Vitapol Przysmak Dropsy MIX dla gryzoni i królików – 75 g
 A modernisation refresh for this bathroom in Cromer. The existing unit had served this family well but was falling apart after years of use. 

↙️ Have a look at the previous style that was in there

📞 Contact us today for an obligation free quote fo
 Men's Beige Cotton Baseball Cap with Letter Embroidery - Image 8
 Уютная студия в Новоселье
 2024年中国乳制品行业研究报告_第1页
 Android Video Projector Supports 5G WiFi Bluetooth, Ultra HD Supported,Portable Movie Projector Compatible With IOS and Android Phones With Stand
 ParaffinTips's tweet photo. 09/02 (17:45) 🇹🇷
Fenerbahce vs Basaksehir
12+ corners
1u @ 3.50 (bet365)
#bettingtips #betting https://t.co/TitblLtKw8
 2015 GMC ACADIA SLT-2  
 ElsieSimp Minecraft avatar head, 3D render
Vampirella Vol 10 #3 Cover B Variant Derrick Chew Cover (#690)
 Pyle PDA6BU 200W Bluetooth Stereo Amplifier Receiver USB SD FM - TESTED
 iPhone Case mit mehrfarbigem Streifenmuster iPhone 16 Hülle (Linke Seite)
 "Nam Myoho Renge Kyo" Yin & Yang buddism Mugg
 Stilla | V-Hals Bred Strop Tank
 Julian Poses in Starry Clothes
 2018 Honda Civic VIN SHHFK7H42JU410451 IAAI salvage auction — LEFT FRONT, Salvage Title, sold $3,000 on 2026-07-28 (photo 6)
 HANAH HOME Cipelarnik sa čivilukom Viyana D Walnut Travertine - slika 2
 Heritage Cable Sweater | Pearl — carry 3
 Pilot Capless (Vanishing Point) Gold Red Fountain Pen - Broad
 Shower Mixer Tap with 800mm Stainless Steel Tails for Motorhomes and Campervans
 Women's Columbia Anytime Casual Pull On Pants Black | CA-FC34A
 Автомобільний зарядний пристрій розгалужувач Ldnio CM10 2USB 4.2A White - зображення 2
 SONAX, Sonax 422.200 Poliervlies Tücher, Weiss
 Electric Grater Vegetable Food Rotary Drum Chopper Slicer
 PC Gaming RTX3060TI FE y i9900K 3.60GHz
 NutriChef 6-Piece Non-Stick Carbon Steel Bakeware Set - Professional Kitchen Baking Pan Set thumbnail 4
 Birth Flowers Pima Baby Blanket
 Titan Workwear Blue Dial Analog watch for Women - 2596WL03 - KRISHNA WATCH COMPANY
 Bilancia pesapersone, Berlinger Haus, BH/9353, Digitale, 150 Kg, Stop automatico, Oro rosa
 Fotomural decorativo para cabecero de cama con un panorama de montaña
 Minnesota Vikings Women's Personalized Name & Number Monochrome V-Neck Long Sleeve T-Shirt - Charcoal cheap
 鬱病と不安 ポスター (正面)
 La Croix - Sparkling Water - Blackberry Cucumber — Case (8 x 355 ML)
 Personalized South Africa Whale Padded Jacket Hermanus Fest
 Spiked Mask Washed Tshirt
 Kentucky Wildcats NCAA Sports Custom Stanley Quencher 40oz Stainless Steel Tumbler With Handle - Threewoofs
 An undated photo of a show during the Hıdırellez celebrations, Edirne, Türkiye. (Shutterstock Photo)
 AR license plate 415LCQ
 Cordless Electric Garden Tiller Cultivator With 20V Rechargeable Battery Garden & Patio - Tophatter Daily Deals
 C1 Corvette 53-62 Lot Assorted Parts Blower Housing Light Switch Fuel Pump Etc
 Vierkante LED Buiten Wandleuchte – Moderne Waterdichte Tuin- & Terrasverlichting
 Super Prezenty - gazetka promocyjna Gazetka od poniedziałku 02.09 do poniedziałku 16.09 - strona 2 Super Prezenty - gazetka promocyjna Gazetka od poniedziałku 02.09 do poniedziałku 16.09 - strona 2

==========

● **Aim of the task**: Copy every single line of the material above that holds "Electric".

● **Response**:
 Electric Grater Vegetable Food Rotary Drum Chopper Slicer
 Cordless Electric Garden Tiller Cultivator With 20V Rechargeable Battery Garden & Patio - Tophatter Daily Deals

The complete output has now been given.